Contrasts in "brightness" of radar echoes received in June 1989 suggest that continents or some similar features may exist in the oceans of ethane that scientists believe may cover the surface of Titan. Although Titan's environment is not hospitable to human-type life, its atmosphere appears rich in organic chemicals like those that led to life on Earth. Scientists are particularly interested in studying Titan to understand better conditions on the early Earth.

Titan and its parent planet, Saturn, will be the destination of Cassini, a NASA mission with the European Space Agency to be launched in the mid-1990s. Clues from ground-based radar studies may help to shape the investigations that the Cassini spacecraft will carry out.

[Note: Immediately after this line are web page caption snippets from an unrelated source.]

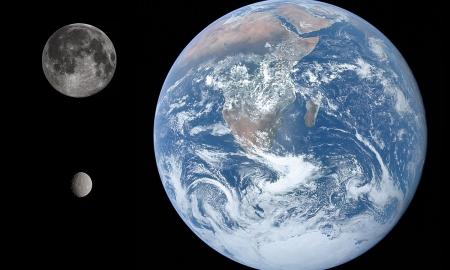 Dydžių skirtumas beveik 500 000 kartų — koks yra mažiausias žinomas Saulės sistemos asteroidas? O didžiausias? (Video)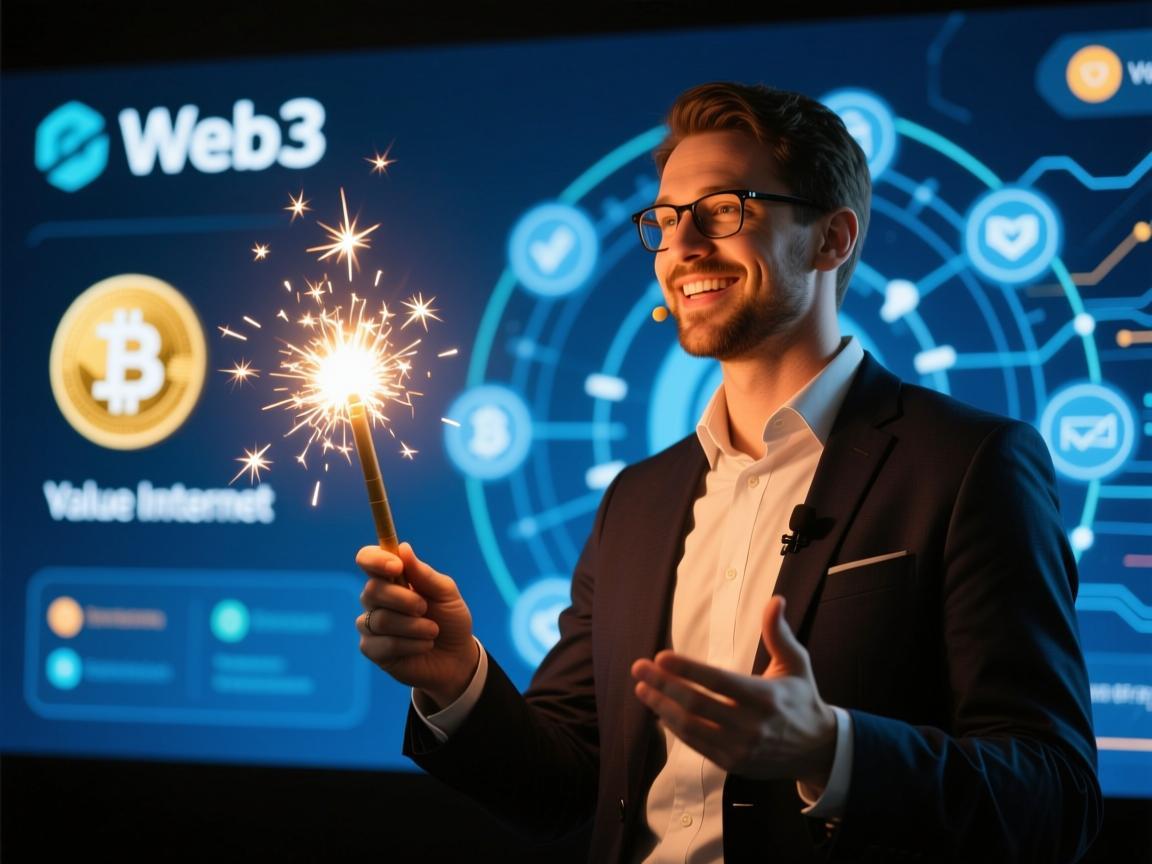Web3通证经济布道者，点燃价值互联网的星火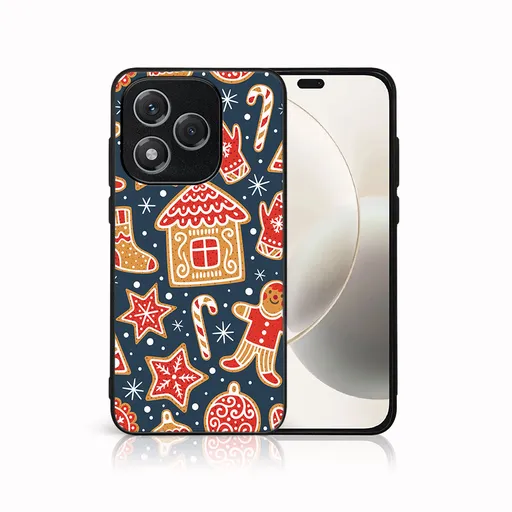 MY ART Kryt s vianočným dizajnom Honor 400 Lite 5G CHRISTMAS (069)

Speakers at the Pasadena symposium will include:

-- Prof. Solomon W. Golomb, University of Southern California, "The First Touch of Venus";

-- Dr. Donald B. Campbell, Cornell University, "The Exploration of Venus by Radar";

-- Dr. John K. Harmon, Arecibo Observatory, Puerto Rico, "Radar Observations of Mars and Mercury";

-- Dr. Steven J. Ostro, JPL/Caltech, "Asteroid Radar Astronomy";

-- Prof. Von R. Eshelman, Center for Radar Astronomy, Stanford University, "Early Radar Astronomy at Stanford";

-- Prof. Duane O. Muhleman, Caltech, "Goldstone-Very Large Array Observations of Titan."

JPL's ground-based radar studies are sponsored by NASA's Office of Space Science and Applications with support from the Office of Space Operations.